Sûrement, cela ne va pas s’arranger dehors, le Titanic finira par sombrer, nous le savons. Vas-tu donner ta voix à la déroute générale ? Regarde. En est-il un qui sache vers où il court? Que vas-tu faire pendant ce temps là? Je vais continuer à jouer ! Je le ferai du mieux possible, le plus intensément possible, je le ferai jusqu’au bout et qu’importe si cela n’est qu’une poignée de notes inutiles. Je sais pour qui je les joue…
Violon de Wallace Harley [3] que personne n’aurait voulu tenir dans ses mains à l’heure du naufrage a été vendu aux enchères, 101 ans après le drame au prix de 1,5 millions de dollards.
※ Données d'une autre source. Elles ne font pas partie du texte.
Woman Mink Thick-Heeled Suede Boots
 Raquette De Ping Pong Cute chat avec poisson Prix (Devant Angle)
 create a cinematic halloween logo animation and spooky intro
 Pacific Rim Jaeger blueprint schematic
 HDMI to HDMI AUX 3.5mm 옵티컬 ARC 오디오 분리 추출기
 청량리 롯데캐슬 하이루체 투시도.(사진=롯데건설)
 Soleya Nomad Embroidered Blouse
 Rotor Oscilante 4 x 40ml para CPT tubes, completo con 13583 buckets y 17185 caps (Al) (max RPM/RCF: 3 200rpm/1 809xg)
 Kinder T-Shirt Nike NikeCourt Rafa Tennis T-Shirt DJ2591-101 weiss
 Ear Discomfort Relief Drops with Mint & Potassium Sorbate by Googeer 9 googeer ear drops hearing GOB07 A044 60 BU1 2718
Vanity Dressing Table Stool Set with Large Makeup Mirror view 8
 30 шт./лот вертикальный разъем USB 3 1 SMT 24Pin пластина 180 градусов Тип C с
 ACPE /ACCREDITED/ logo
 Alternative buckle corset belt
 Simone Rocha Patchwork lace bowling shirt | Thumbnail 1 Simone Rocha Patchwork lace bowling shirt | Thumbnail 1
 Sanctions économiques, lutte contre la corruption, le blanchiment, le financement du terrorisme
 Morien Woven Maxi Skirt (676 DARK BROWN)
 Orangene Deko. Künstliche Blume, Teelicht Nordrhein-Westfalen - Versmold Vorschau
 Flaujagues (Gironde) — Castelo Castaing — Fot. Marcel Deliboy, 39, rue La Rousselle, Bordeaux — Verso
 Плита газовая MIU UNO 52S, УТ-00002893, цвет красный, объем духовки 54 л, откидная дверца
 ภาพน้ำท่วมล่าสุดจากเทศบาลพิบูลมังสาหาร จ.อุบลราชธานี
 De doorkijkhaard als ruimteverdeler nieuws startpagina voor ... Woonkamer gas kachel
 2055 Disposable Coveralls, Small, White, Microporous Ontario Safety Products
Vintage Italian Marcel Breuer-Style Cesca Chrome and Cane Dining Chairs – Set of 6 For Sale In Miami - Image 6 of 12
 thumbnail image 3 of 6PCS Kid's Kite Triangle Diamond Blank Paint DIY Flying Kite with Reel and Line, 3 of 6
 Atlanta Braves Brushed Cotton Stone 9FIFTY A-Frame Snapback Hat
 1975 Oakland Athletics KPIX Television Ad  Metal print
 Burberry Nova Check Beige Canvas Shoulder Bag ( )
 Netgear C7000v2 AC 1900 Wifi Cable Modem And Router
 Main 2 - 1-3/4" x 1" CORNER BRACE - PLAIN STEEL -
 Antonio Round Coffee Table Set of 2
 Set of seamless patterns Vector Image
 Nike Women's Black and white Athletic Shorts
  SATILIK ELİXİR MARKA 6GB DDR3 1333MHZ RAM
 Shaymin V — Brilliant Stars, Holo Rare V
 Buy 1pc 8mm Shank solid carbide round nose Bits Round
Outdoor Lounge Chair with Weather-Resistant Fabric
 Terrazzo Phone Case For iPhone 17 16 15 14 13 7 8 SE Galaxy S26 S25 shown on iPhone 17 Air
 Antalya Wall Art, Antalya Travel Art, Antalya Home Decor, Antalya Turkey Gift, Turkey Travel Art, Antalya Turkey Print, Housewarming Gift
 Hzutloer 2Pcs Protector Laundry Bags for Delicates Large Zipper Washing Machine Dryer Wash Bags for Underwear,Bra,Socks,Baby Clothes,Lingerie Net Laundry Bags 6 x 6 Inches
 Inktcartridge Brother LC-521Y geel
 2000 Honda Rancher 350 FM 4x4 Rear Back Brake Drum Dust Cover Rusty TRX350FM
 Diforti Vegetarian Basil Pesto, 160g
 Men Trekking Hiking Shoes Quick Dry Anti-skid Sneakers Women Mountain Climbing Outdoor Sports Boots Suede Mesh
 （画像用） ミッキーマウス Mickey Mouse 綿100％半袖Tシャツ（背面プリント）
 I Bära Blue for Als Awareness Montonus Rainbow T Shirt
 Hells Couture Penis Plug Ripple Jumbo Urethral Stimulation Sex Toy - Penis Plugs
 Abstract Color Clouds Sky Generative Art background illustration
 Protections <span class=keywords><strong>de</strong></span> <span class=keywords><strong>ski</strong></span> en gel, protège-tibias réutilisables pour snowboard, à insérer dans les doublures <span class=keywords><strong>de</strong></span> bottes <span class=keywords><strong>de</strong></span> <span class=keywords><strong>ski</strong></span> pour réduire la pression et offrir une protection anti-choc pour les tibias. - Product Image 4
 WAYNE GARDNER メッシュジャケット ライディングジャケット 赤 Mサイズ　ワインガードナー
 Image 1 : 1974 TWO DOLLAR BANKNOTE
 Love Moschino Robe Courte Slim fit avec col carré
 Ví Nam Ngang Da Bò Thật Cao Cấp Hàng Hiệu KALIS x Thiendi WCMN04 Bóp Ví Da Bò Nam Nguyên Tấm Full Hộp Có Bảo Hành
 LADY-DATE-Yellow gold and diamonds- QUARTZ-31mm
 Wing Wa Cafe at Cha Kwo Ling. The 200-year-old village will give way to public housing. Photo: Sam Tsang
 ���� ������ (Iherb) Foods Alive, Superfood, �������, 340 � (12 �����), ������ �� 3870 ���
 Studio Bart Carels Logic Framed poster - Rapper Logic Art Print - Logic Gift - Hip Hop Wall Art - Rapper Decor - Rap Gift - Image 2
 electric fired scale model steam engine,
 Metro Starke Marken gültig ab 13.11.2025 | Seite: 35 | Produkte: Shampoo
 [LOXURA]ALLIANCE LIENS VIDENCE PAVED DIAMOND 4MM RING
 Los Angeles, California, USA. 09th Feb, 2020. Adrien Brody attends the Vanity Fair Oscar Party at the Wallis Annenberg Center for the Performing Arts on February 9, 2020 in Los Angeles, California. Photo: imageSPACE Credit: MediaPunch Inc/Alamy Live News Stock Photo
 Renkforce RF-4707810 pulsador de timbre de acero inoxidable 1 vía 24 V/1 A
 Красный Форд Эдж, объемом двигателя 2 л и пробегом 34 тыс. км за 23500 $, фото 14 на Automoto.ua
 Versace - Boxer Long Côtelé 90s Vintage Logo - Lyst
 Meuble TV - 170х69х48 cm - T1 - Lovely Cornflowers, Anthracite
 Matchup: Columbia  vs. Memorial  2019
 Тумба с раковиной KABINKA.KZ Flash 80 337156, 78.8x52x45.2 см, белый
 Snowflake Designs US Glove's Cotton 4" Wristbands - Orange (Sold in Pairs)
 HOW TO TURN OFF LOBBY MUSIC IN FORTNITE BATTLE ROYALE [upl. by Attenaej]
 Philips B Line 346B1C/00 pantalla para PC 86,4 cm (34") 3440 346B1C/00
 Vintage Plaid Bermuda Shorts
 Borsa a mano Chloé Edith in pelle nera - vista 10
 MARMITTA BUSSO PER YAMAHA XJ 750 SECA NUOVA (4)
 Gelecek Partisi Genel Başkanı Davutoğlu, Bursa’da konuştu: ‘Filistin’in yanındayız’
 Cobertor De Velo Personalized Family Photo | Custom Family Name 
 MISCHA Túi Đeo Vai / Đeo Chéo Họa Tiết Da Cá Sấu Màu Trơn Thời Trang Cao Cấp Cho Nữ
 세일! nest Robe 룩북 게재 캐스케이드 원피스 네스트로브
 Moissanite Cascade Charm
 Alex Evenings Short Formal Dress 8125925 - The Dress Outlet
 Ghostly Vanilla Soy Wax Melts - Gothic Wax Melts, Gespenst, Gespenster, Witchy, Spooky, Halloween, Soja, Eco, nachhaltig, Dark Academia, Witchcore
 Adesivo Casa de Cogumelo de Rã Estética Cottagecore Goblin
Les musiciens du Titanic ont joué, ensemble, jusqu’au bout. Ils n’étaient certainement pas les plus virtuoses de ce début de siècle, encore moins les plus connus. Pourtant, au coeur de l’océan leur chant s’est mêlé aux étoiles. Pour beaucoup, ces notes ont été les derniers signes d’une humanité présente, une porte qui soudain s’ouvre sur plus grand. Un signe juste et profond, la dernière chose qu’ils aient entendue avant que la mer glaciale ne s’ouvre sur leur ciel. Davantage que toute agitations, nécessaire logistique et rappel à l’ordre, elles ont su les prendre par la main et les mener plus loin qu’aucune autre main n’aurait pu le faire.